▸ Task: Would you please set down, word for word, the lines from the one with "A hauntingly beautiful" through the final line of the data below, omitting any pictures?

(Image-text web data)
___

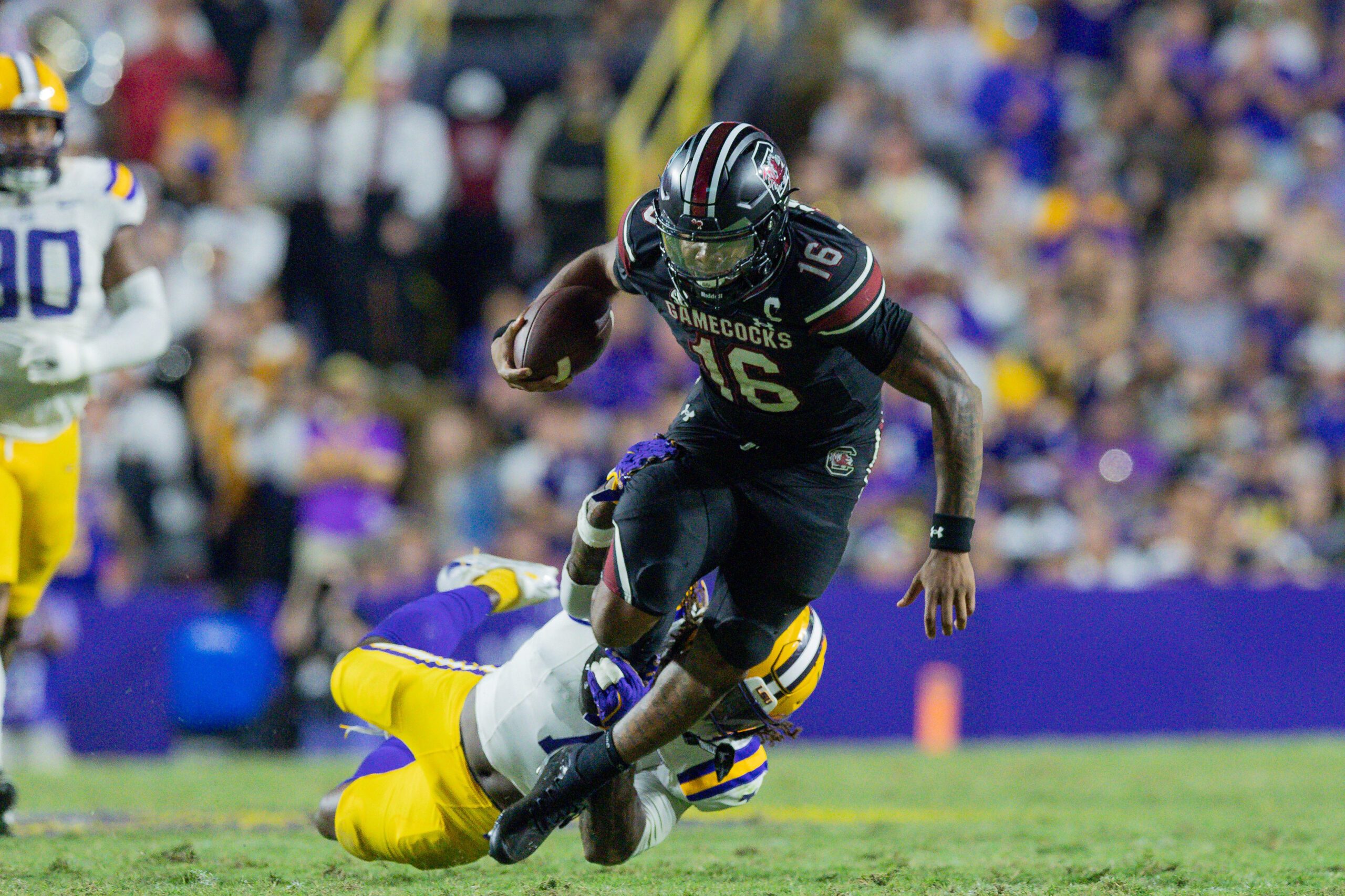 Oct 11, 2025; Baton Rouge, Louisiana, USA;  LSU Tigers linebacker Harold Perkins Jr. (7) tackles South Carolina Gamecocks quarterback Lanorris Sellers (16) during the second half at Tiger Stadium. Mandatory Credit: Stephen Lew-Imagn Images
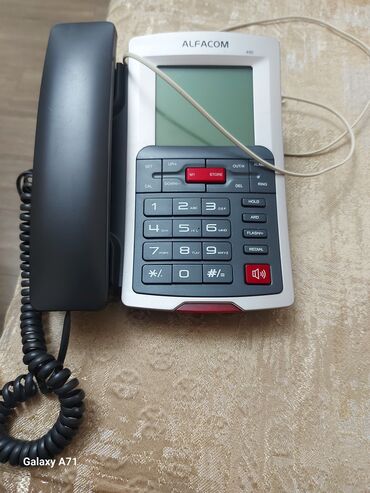 Stasionar telefon Simli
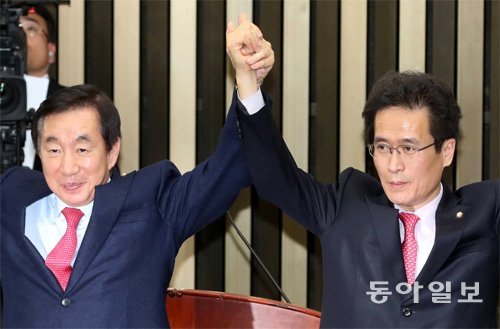 12일 의원총회에서 새 원내대표로 당선된 자유한국당 김성태 의원(왼쪽)이 함진규 신임 정책위의장과 함께 손을 들어 소속 의원들에게 인사하고 있다. 김동주 기자 zoo@donga.com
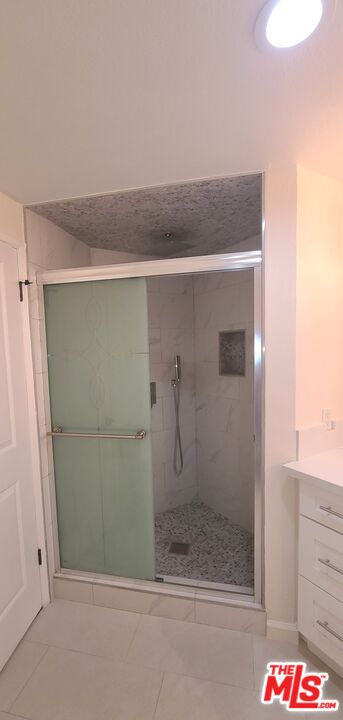 1557 South Beverly Glen Boulevard, Unit 104 Los Angeles, CA 90024 - Photo 41 of 44 a bathroom with a shower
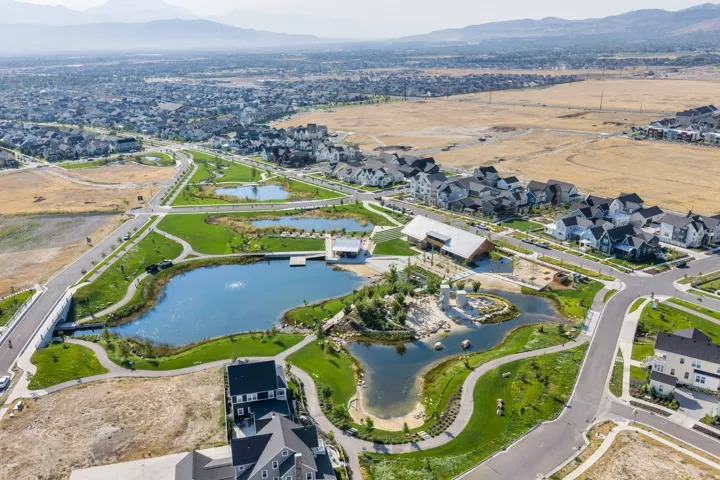 Community with multiple ponds, extensive green spaces, paved pathways, and a large recreational building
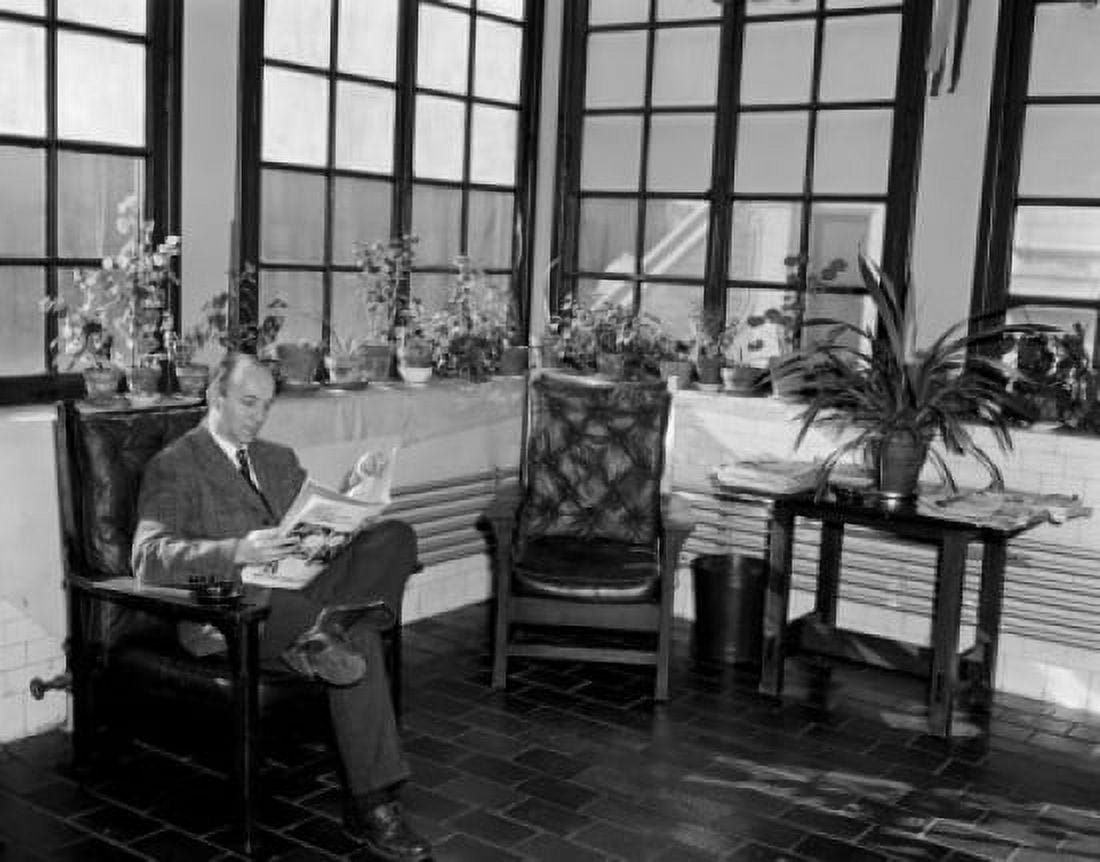 Man sitting in room reading newspaper Canvas Art - (18 x 24)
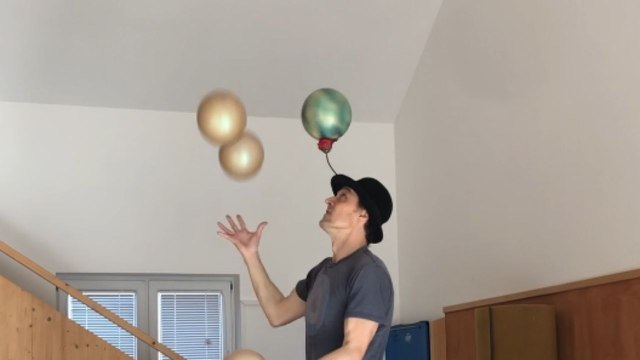 'That's unbelievable!' - Juglar impressively juggles 5 balls balancing atop 3 Rola-bola while spining a ball on hat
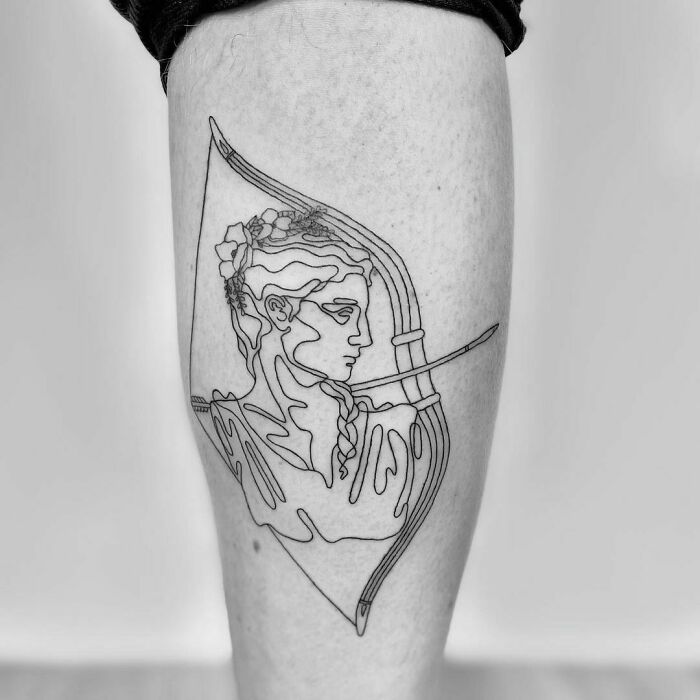 Single-line tattoo of an archer in grayscale on a person's calf.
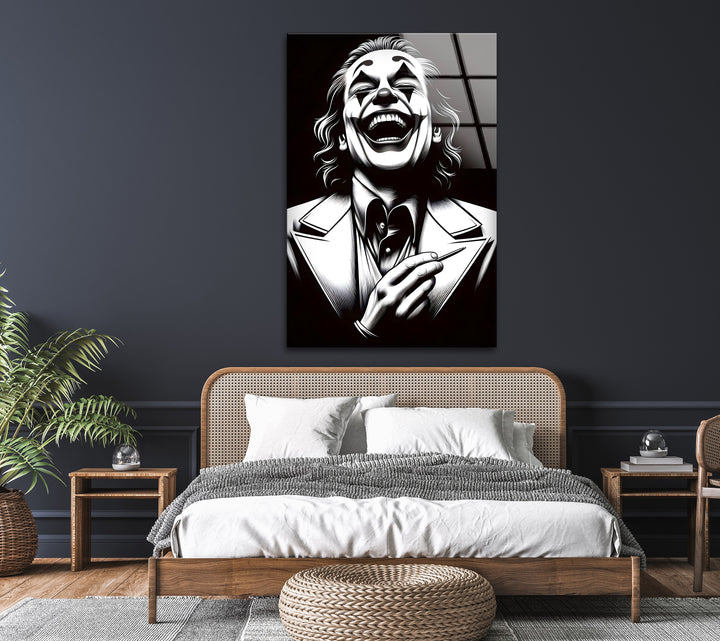 A hauntingly beautiful glass wall art showcasing the contrast between joy and chaos in a laughing clown’s face.

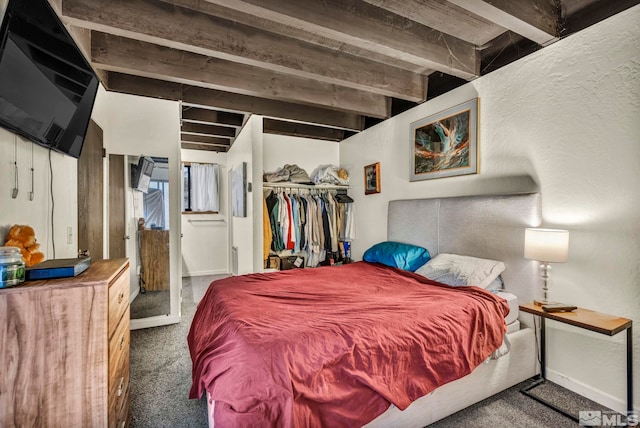 carpeted bedroom featuring beamed ceiling and a closet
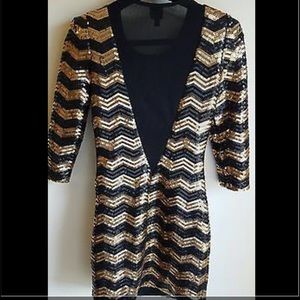 Black and gold Sequin bebe dress
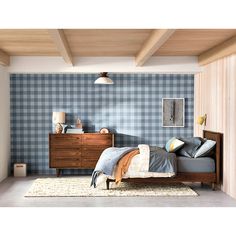 a bed room with a neatly made bed next to a wooden dresser and lamp on the wall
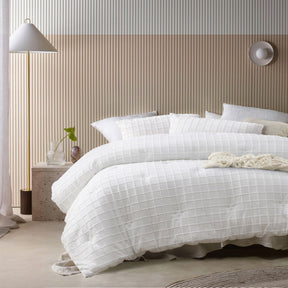 White comforter set with a tonal geometric parquet print and two pillowcases on a queen bed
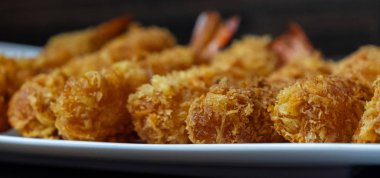 Ahşap arka plan üzerinde beyaz tabak içinde gevrek un kaplı derin kızarmış karides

___

▸ Finished task:
 A hauntingly beautiful glass wall art showcasing the contrast between joy and chaos in a laughing clown’s face.

 carpeted bedroom featuring beamed ceiling and a closet
 Black and gold Sequin bebe dress
 a bed room with a neatly made bed next to a wooden dresser and lamp on the wall
 White comforter set with a tonal geometric parquet print and two pillowcases on a queen bed
 Ahşap arka plan üzerinde beyaz tabak içinde gevrek un kaplı derin kızarmış karides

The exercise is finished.